المبادرة السورية لحرية القائد عبدالله اوجلان

Leaders’ Article

The upper Kurdish hierarchy (which has faced the most challenges of authority and the state) has often linked its fate throughout history to the fate of stronger authorities and states, based on relative autonomy. It has not been strongly driven by a separate authority system or state specific to Kurdish society. Such an initiative was not in line with its interests in this regard, due to prevailing historical and social circumstances. From this perspective, the shared history with the Turks, which spans approximately the last thousand years, has been addressed. By willingly participating in the Battle of Manzikert, which they crowned with a resounding victory alongside the Seljuk Sultan Alp Arslan, they achieved a shared new authority and state under an Islamic foundation that dominated Anatolia and Mesopotamia. The geopolitical and geostrategic realities emanating from both regions made the sharing of authority and the Islamic state between the two upper classes of both nations a forced necessity.
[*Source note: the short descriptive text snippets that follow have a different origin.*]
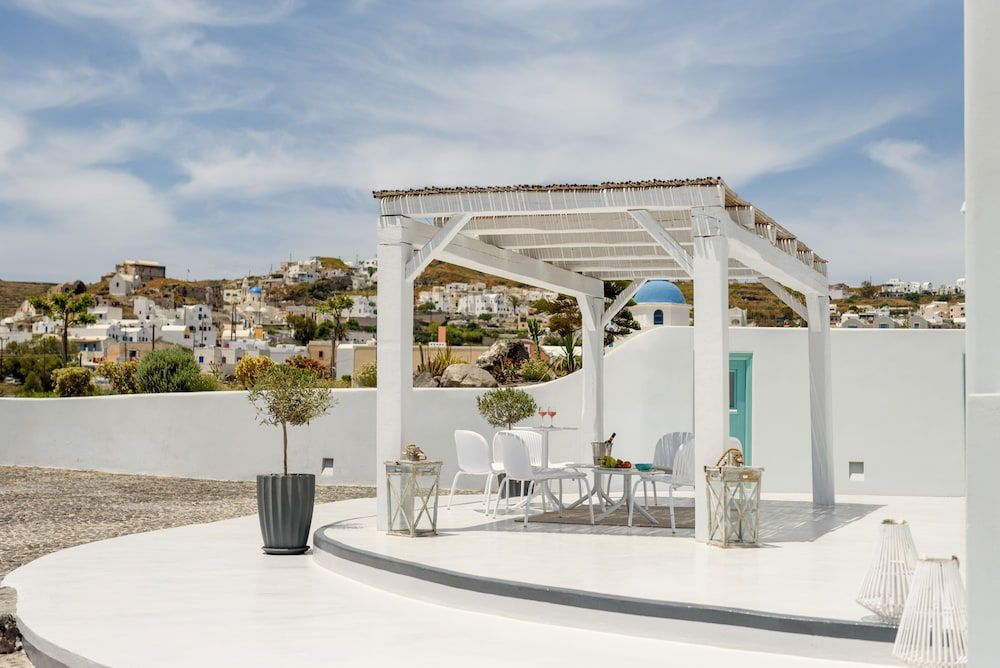 Neptune Luxury Suites 2
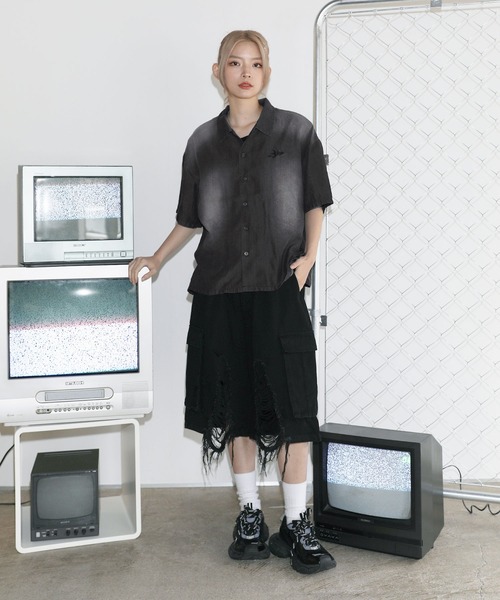 MSG(エムエスジー)の「テンセルデニムハーフスリーブ短丈シャツ【UNISEX】(シャツ/ブラウス・メンズ・ホワイト/ブラック/グレー/ブラック系・S/M/L/XL)」の20枚目の写真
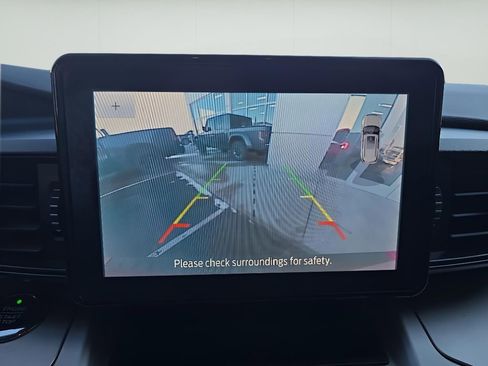 Used 2021 Ford Explorer XLT image 20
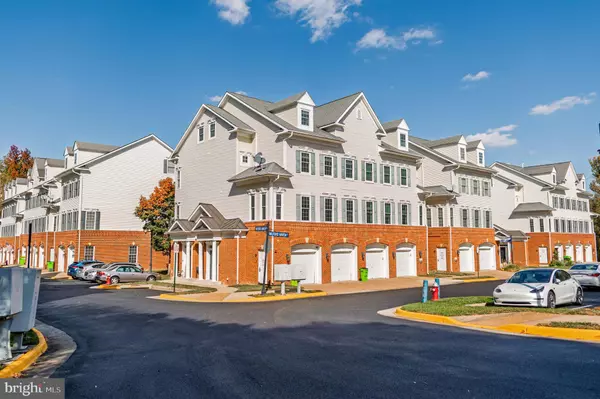 8940 MILFORD HAVEN CT #40B, Lorton, VA 22079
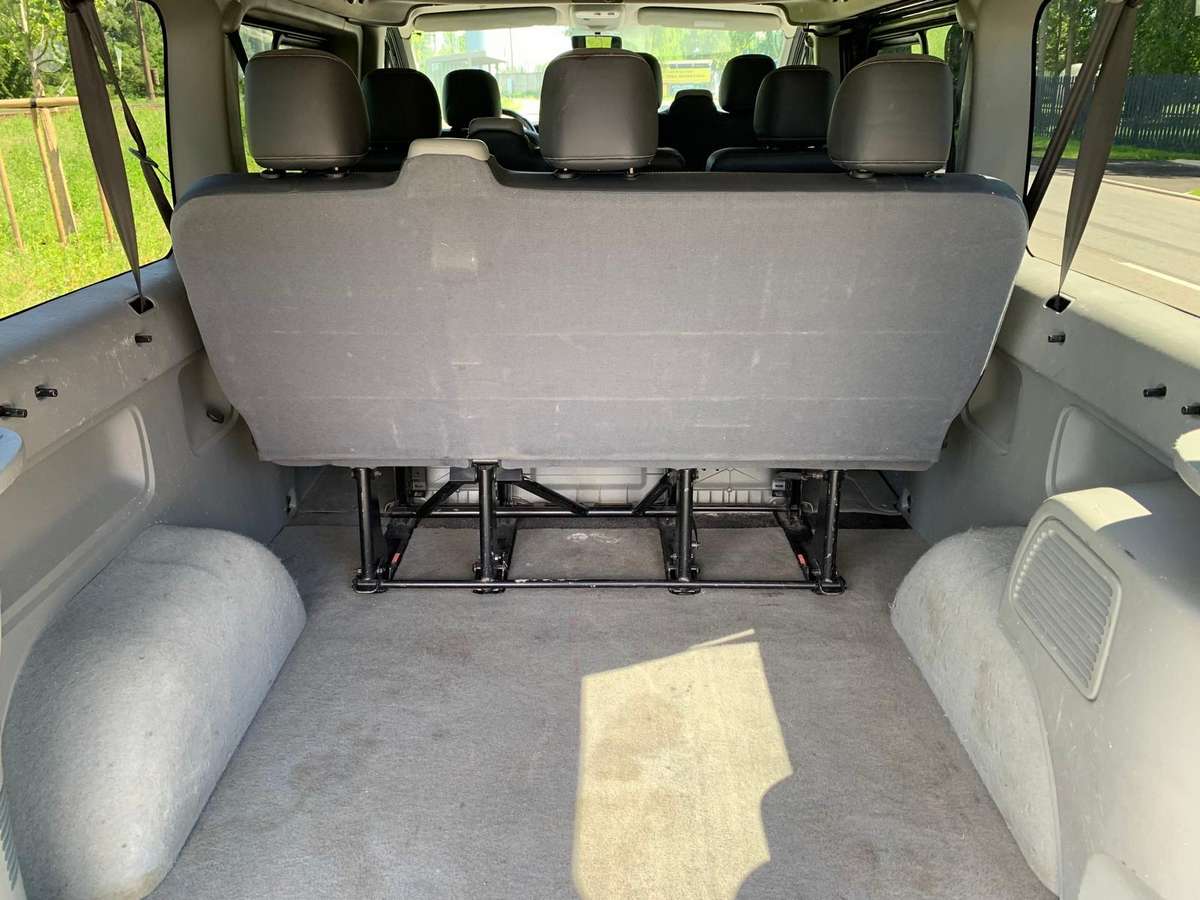 Renault Trafic, passenger minibus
Despite the lack of a clear interest for the two peoples in sharing authority and state, and despite their repeated resistance to living under the common roof of authority and state, they did not fail to live together, due to the requirements of shared life on the one hand, and because of the religious and sectarian wars erupting at the time, on the other hand. This partnership between the Turkish nationalist upper hierarchy and the Kurdish upper class has always been based on voluntary consent. While we rarely encounter the phenomenon of “the conquest of Kurdistan” within the traditions of Turkish conquest, the occasional war of conquest only occurred with the participation of Kurdish notables. Therefore, this type of war cannot be described as an invasion.